#### Aim of the task:
In the material below, find each line with the string "Episode" and copy it.

#### Data listing:
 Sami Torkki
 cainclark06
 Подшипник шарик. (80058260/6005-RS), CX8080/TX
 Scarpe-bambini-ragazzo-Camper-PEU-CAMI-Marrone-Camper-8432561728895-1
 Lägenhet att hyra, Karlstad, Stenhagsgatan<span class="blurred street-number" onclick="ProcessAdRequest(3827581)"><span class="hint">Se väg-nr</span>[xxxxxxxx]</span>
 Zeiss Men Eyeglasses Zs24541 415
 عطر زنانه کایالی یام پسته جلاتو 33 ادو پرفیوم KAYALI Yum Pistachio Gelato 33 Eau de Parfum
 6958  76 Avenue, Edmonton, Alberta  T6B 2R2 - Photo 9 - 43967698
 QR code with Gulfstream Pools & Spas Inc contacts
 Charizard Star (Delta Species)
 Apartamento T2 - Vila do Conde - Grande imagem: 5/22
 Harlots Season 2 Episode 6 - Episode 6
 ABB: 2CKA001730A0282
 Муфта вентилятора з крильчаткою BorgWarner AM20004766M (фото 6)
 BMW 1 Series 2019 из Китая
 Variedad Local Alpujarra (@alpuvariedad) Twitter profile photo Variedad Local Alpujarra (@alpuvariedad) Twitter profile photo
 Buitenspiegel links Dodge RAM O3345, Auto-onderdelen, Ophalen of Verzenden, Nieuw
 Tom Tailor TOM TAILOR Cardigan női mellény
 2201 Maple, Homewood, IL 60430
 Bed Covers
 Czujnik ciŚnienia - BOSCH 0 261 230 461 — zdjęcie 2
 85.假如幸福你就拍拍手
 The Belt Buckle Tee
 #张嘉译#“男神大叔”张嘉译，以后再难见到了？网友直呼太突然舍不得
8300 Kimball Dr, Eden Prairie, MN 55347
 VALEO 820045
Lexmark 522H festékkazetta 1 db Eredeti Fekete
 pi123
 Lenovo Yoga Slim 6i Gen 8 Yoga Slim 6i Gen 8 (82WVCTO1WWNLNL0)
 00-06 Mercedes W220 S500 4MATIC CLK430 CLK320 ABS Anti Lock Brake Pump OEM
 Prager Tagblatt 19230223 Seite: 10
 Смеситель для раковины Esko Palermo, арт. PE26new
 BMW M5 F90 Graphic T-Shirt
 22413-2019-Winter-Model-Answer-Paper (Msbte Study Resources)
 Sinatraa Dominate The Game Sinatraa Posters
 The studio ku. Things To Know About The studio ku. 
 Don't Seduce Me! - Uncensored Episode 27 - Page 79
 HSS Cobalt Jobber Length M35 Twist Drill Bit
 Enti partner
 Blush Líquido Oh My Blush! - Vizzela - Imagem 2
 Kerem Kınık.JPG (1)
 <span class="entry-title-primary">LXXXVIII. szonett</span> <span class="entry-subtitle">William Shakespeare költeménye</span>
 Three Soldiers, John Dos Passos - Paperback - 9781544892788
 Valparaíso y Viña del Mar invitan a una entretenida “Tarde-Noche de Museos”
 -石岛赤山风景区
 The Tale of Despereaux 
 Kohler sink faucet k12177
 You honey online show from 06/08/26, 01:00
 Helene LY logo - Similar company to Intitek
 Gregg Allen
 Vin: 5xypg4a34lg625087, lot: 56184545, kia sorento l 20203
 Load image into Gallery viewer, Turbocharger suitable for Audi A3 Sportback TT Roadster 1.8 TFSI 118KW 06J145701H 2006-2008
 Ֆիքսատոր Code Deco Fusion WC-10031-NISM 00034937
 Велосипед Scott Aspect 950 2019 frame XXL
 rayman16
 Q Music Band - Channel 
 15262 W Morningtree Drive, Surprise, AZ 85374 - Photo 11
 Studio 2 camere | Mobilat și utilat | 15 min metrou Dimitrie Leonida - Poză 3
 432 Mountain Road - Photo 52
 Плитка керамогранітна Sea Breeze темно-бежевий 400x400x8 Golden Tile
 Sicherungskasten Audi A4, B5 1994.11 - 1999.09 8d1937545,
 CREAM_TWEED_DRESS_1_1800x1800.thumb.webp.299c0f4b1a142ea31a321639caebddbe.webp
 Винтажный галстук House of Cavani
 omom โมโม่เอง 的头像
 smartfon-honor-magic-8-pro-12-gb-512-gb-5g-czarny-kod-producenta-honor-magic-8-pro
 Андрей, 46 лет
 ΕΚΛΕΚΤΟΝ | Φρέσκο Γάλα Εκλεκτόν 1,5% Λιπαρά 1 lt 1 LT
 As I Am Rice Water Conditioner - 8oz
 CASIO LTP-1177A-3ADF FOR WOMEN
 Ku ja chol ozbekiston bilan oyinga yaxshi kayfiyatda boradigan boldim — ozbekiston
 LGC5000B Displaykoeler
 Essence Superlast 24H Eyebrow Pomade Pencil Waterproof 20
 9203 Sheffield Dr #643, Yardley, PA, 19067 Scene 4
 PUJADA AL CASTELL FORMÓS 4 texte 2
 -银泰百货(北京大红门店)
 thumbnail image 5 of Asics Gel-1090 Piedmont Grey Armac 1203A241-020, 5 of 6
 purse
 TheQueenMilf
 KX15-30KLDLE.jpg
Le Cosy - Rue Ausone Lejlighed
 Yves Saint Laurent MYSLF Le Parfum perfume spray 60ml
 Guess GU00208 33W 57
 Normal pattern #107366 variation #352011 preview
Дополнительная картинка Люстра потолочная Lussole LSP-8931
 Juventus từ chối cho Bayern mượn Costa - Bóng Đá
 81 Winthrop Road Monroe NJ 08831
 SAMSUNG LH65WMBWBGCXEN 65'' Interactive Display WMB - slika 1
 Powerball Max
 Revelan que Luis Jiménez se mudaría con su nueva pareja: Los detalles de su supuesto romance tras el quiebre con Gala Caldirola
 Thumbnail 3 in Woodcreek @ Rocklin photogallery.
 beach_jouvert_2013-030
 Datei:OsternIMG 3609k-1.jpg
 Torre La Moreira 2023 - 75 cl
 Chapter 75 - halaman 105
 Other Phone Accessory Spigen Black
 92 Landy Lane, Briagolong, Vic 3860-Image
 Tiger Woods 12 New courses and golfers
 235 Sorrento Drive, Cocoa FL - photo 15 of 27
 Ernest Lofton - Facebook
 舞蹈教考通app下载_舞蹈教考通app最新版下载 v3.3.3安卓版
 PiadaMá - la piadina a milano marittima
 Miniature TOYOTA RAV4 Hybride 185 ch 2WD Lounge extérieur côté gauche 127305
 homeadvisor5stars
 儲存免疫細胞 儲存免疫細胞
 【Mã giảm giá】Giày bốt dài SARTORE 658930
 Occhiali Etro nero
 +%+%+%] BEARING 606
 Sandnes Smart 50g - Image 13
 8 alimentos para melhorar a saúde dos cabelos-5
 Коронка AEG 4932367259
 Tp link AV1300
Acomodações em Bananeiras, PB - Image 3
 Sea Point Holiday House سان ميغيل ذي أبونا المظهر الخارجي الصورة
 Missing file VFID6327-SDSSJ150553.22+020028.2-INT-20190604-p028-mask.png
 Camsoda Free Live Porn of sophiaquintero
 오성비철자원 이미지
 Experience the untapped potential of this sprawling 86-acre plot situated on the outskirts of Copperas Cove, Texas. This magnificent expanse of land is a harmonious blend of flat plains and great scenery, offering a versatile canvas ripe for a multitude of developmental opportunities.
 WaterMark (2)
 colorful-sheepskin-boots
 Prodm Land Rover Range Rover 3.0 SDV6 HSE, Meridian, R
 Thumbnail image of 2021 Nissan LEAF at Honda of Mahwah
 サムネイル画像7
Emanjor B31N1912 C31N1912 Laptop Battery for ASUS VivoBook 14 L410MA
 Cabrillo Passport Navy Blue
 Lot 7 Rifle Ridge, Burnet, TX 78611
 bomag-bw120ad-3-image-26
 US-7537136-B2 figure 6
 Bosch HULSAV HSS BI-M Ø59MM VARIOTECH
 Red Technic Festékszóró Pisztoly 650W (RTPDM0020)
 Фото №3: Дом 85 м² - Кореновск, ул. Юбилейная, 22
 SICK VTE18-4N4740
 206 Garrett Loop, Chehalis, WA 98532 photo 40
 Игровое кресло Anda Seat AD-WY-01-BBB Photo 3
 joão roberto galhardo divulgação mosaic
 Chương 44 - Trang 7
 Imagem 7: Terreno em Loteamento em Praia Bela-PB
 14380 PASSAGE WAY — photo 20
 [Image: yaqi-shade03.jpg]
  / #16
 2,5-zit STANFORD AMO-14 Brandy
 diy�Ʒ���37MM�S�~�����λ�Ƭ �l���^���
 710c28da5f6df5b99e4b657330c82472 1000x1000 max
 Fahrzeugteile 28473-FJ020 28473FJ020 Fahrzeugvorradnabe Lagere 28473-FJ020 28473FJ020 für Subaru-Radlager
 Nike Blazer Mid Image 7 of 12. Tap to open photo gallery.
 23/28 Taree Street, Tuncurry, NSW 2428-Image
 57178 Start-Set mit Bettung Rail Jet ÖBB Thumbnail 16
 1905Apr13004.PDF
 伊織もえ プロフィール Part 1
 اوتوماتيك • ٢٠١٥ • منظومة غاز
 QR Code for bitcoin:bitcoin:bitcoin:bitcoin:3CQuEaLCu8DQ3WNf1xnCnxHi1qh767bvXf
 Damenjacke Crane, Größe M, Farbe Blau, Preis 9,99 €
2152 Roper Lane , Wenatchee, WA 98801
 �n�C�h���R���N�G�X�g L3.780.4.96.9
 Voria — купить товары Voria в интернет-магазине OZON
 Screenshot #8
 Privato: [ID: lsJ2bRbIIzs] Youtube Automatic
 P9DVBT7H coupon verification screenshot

#### Final answer:
 Harlots Season 2 Episode 6 - Episode 6
 Don't Seduce Me! - Uncensored Episode 27 - Page 79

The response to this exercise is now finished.